Neues zur Situation der Heuerleute im Oldenburger Münsterland - Engelbert Beckermann referierte beim „Historischen Nachmittag“ des Heimatbundes in Mühlen
Wie es den Heuerleuten im Oldenburger Münsterland in den letzten beiden Jahrhunderten ergangen ist, hat die Historiker bisher kaum interessiert. Der Blick der Forschung richtete sich vor allem auf die Massenauswanderung von Südoldenburgern in die USA, nach Kanada und Brasilien. Grund genug für Engelbert Beckermann aus Lohne, sich seit längerer Zeit intensiv mit der Bevölkerungslage vor Ort zu beschäftigen.

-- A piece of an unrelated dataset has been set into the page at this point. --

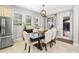Kitchen dining area with wooden table, upholstered chairs, and backyard access at 6650 Current Dr, Apollo Beach, FL 33572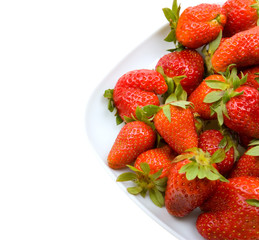 Fresh strawberries on a platter isolated on white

Jetzt präsentierte der frühere Leiter des Gymnasiums Lohne seine aus umfangreichen Archivforschungen gewonnenen Erkenntnisse vor großem Publikum beim 338. Historischen Nachmittag des Heimatbund-Geschichtsausschusses. Rund 60 Interessierte waren dazu in den Saal Krogmann in Mühlen gekommen, nachdem zuvor Alfons Völkerding die eigens für Heuerleute eingerichtete Seefahrerschule von 1817 gezeigt hatte. Mühlen sei ein sehr passender Ort für einen Vortrag zu diesem Thema, stellte daher der Vorsitzende des Heimatbund-Geschichtsausschusses Prof. Dr. Michael Hirschfeld (Vechta) auch im Hinblick auf die hohe Dichte an Heuerlingen im Südkreis Vechta in seiner Begrüßung fest. Die Grüße der verhinderten Heimatbund-Präsidentin Manuela Honkomp überbrachte der Direktor des Museumsdorfs Cloppenburg Dr. Torsten W. Müller. Wie Oberstudiendirektor Beckermann in seinem Vortrag eingangs betonte, hätten abgehende Bauernsöhne durch Heuerlingsstellen, Heimarbeit und Saisonarbeit, so etwa als Seefahrer, ein erträgliches Auskommen gehabt. Durch fehlenden Bedarf an Heim- und Saisonarbeit sowie Bevölkerungswachstum seien sie jedoch in der ersten Hälfte des 19. Jahrhunderts verarmt. Der oldenburgische Staat habe dann vor und nach dem Ersten Weltkrieg eine fortschrittliche Siedlungspolitik betrieben und einen Landeskulturfonds eingerichtet, der als Alternative zur Auswanderung die Ansiedlung auf Heideflächen vorwiegend im heutigen Nordkreis Cloppenburg ermöglicht habe. Mit dem allgemeinen Wahlrecht der Weimarer Reichsverfassung 1919 hätten die Heuerleute innerhalb der katholischen Zentrumspartei politischen Einfluss gewonnen und mehrere Abgeordnete aus ihren Reihen in den oldenburgischen Landtag geschickt. Einen Höhepunkt der Selbstbehauptung sah Beckermann in der Gründung einer Interessenvertretung sowie einer Genossenschaftsbank in der zweiten Hälfte der 1920er Jahre, die aber kurz vor Hitlers „Machtergreifung“ Konkurs anmelden musste, was aus Sicht des Referenten dazu beigetragen haben dürfte, Hemmschwellen gegenüber dem Nationalsozialismus abzubauen. Nach dem Zweiten Weltkrieg sei innerhalb von nur 15 Jahren die gesellschaftliche Schicht der Heuerleute komplett verschwunden. Dieser schnelle soziale Wandel bedürfe ebenso wie die Geschichte des Heuerleutewesens im Oldenburger Münsterland insgesamt einer gezielten Aufarbeitung, schloss Engelbert Beckermann seinen von interessierten Nachfragen aus dem Publikum begleiteten Vortrag.